*Task brief*: Look below for the line containing "Как приготовить солянку". Write out that line and the rest through the last one, exactly as they appear, but without pictures.
━━━━━━━━━━━━━━━━
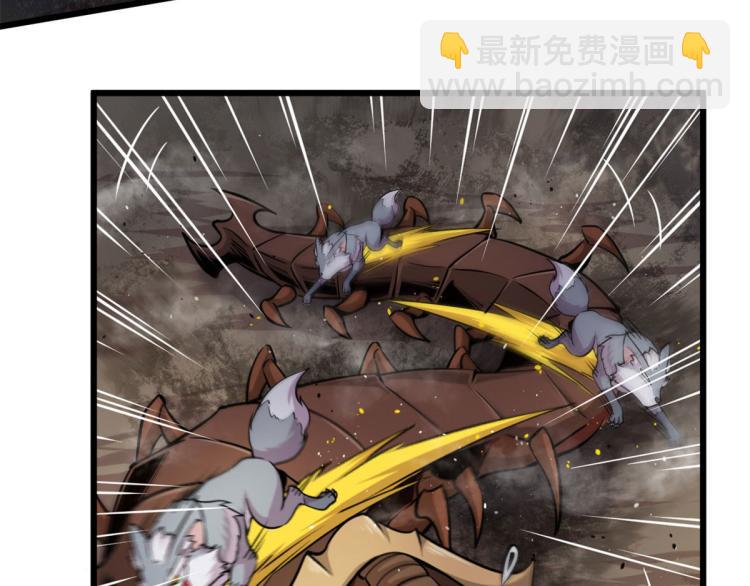 07 十足蜈蚣56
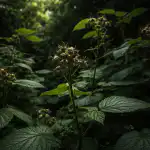 Proč vaše maliny odmítají plodit ve stinné zahradě? proc-vase-maliny-odmitaji-plodit-ve-stinne-zahrade.png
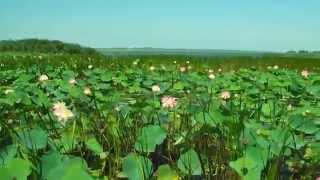 п.Пересыпь, Краснодарский край, Долина лотосов, Ахтанизовский лиман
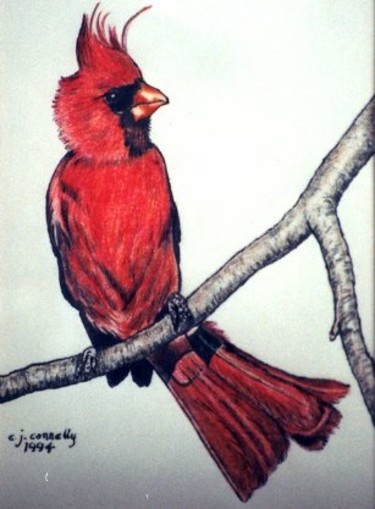 Painting titled "Cardinal" by Carla J Connelly, Original Artwork, Oil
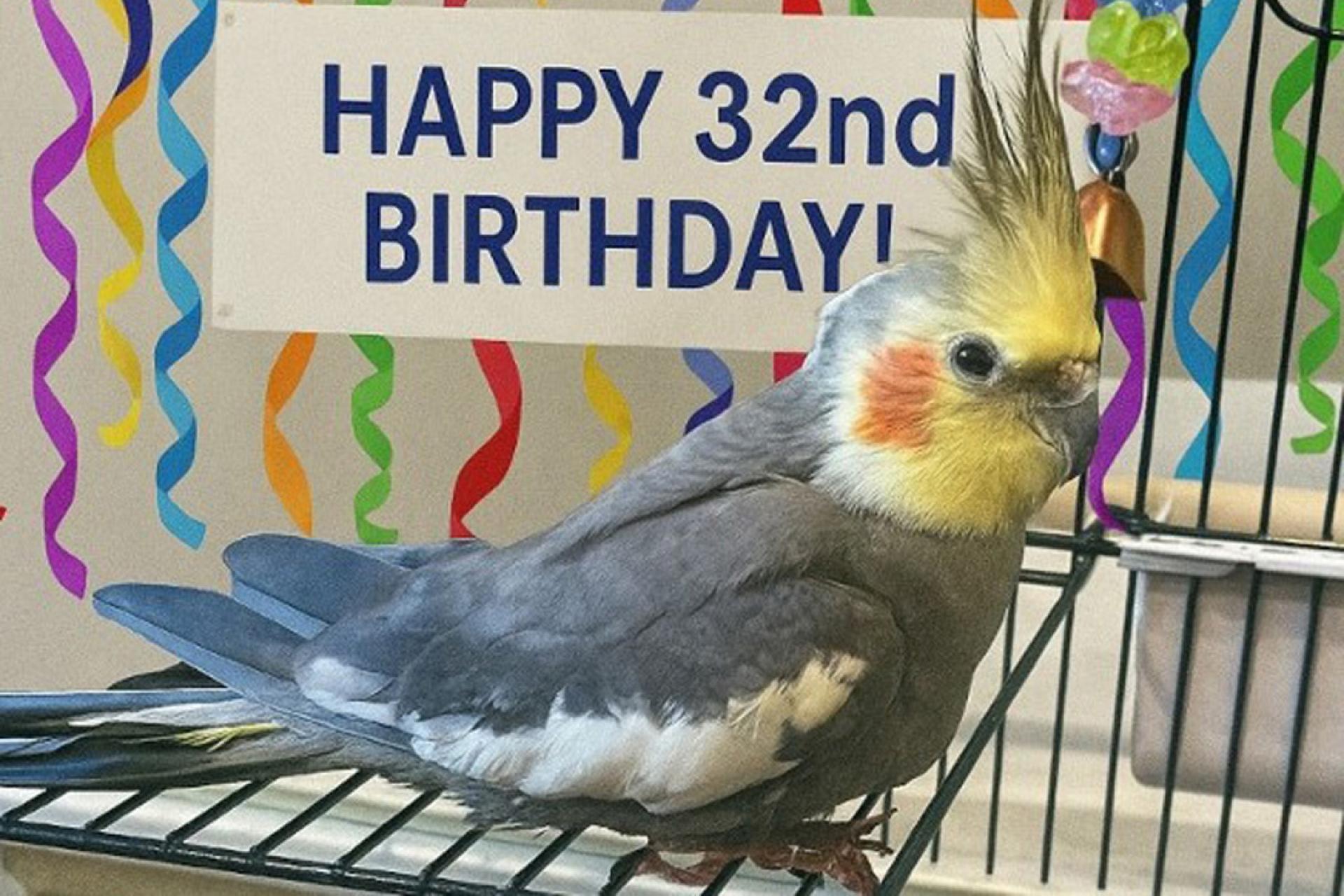 桑尼去年庆祝32岁生日。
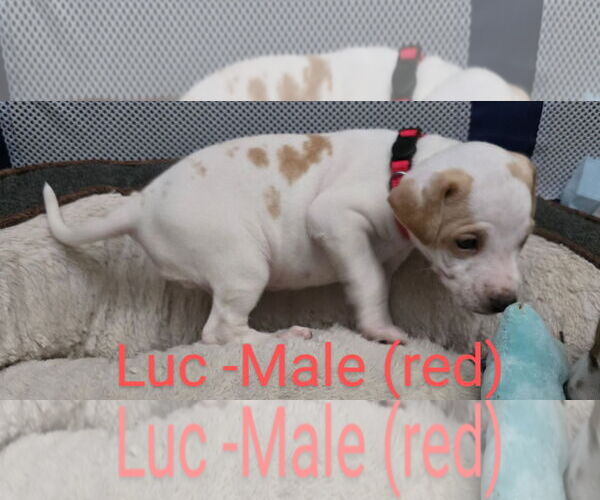 Medium Photo #2 Mutt Puppy For Sale in Ball Ground, GA, USA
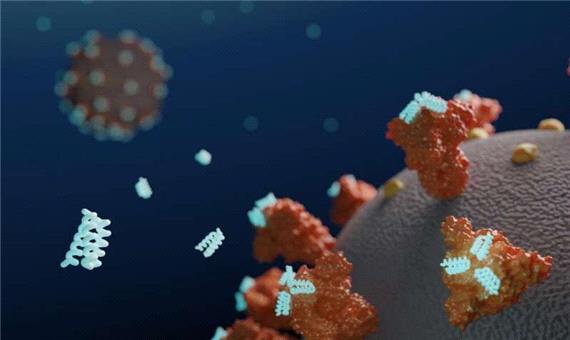 دانشگاه واشنگتن: پروتیین‌های مصنوعی ویروس کرونا را مهار می‌کنند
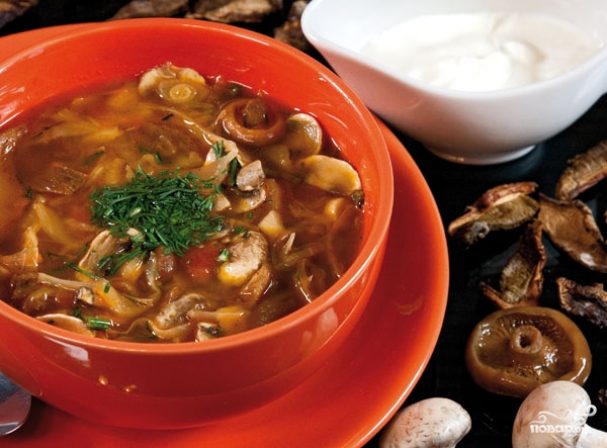 Как приготовить солянку с грибами и капустой: видео, рецепты приготовления вкусных блюд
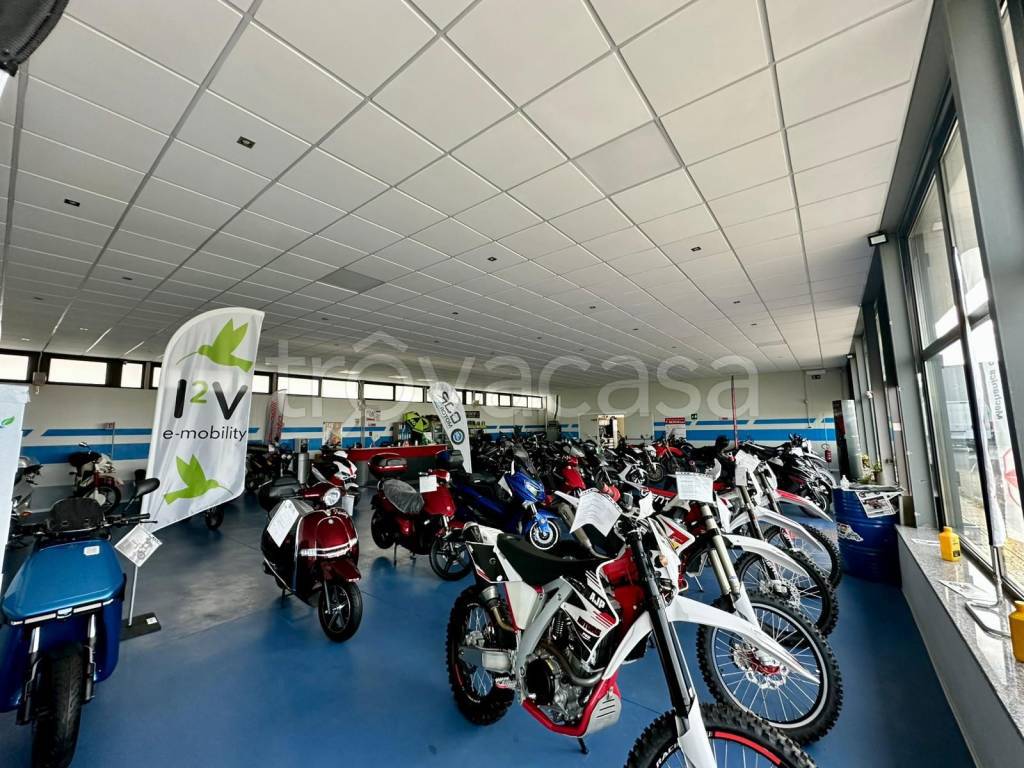 immagine annuncio 9 di 15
━━━━━━━━━━━━━━━━
*Answer box*:
 Как приготовить солянку с грибами и капустой: видео, рецепты приготовления вкусных блюд
 immagine annuncio 9 di 15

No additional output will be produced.